Change Risk Expert

Identifying risks associated with change requests to avoid problems

Overview

“Never touch a running system” — unfortunately, running IT systems are not static systems. Applications need to be adapted, preventive changes carried out, bugs fixed, faulty configurations corrected, and updates applied. Changes bring with them the risk of failure. Seemingly innocent modifications can trigger cascading avalanches of service disruptions, in the worst case bringing entire companies to a standstill.

Changes are responsible for some 80% of all incidents that result in client outages. The more complex an IT system, the more difficult it becomes to estimate the effect of a change.

An essential aspect of an effective change management process is risk management, which aims to assess and mitigate the impact of changes to reduce any chance of failure. Today, IT service providers typically assess the risk of a change through the risk categorization approach performed either manually, or through a questionnaire. The manual approach to estimating risk is very subjective and in the worst-case biased. The questionnaire approach suffers from applying the same set of questions regardless of the type of change request submitted. There is, thus, a need for a more accurate risk assessment method that takes into consideration the unique context of each change request.

Another important issue is that, the larger an IT organization, the more difficult it becomes for individual change requesters to stay abreast of the success and failure reasons encountered by their colleagues.

Change Risk Expert

To address both issues, CRE employs an advanced classification method that goes beyond the current change classification systems and classifies changes finely in order to define a unique change context for accurate risk management and effectively share best practices and disseminate lessons learned in a targeted fashion by showing only the relevant information to the change requesters at a given time. Furthermore, CRE’s advanced real-time risk management capabilities ensure proper assessment and mitigation of change risks, thereby reducing the chance of failure.

For the change ticket classification, we choose to implement a regularized logistic regression as it has been shown to provide outstanding predictive performance across a range of text classification tasks and corpora.
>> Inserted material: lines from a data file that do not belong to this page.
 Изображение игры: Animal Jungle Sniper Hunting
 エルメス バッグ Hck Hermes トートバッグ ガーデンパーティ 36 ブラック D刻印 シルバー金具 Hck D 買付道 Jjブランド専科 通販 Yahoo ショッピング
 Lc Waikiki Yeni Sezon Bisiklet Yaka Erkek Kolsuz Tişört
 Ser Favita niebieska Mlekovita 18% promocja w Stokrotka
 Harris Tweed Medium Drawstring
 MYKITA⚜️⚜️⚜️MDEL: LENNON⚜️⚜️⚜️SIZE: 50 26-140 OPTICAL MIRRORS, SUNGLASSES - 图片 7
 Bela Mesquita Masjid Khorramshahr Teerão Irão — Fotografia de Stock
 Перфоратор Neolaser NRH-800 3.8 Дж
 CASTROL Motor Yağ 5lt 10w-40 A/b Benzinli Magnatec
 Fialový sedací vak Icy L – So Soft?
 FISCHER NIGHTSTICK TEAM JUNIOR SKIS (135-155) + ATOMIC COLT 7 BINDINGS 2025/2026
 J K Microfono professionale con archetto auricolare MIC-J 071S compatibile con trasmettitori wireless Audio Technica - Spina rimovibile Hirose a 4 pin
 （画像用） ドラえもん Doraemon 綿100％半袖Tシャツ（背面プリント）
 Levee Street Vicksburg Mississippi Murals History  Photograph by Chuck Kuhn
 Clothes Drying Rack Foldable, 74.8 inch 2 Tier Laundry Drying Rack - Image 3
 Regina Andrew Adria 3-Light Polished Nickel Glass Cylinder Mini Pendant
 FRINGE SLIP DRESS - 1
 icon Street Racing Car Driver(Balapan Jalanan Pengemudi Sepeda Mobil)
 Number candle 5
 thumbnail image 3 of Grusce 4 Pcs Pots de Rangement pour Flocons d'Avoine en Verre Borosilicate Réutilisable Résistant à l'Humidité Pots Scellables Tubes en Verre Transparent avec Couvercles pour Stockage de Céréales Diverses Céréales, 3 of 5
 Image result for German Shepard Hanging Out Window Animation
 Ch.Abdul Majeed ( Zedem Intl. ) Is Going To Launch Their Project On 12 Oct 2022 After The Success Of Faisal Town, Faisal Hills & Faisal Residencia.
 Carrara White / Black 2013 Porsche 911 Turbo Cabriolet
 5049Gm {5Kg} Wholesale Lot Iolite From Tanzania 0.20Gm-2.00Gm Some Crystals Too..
Although the maximum entropy classifier yields very high classification accuracy, the creation of labeled tickets is costly. This is further exacerbated by the fact that classifiers trained for support groups in one location cannot readily be transferred to other support groups performing the same task due to variations in lingua.

To reduce labeling costs we added active learning, experiment with transfer learning as well as a general expectation criteria classifier. Change tickets are classified using their short description (around 100 characters long and human-generated).

Publications

  1. Kadar, C.; Wiesmann, D.; Iria, J.; Husemann, D.; Lucic, M., "Automatic Classification of Change Requests for Improved IT Service Quality," 2011 Annual SRII Global Conference (SRII), pp.430-439, March 29 2011-April 2 2011.
  2. Güven, S.and Barbu, C.M., "A Real-Time Risk Assessment and Mitigation Engine Based on Dynamic Context," 2011 IEEE International Conference on Services Computing (SCC), pp.663-670, 4-9 July 2011.
  3. Kadar, C. and Iria, J., “Domain Adaptation for Text Categorization by Feature Labeling” in “Advances in Information Retrieval”, Lecture Notes in Computer Science, 2011, pp. 424-435.
  4. Mazilu, S. and Iria, J., "L1 vs. L2 Regularization in Text Classification when Learning from Labeled Features," icmla, vol. 1, pp.166-171, 2011 10th International Conference on Machine Learning and Applications and Workshops, 2011.
  5. Güven, S., Barbu, C., Husemann D., Wiesmann, D., “Change Risk Expert: Leveraging Advanced Classification and Risk Management Techniques for Systematic Change Failure Reduction”, 2012 IFIP/IEEE NOMS, 15-20 April 2012.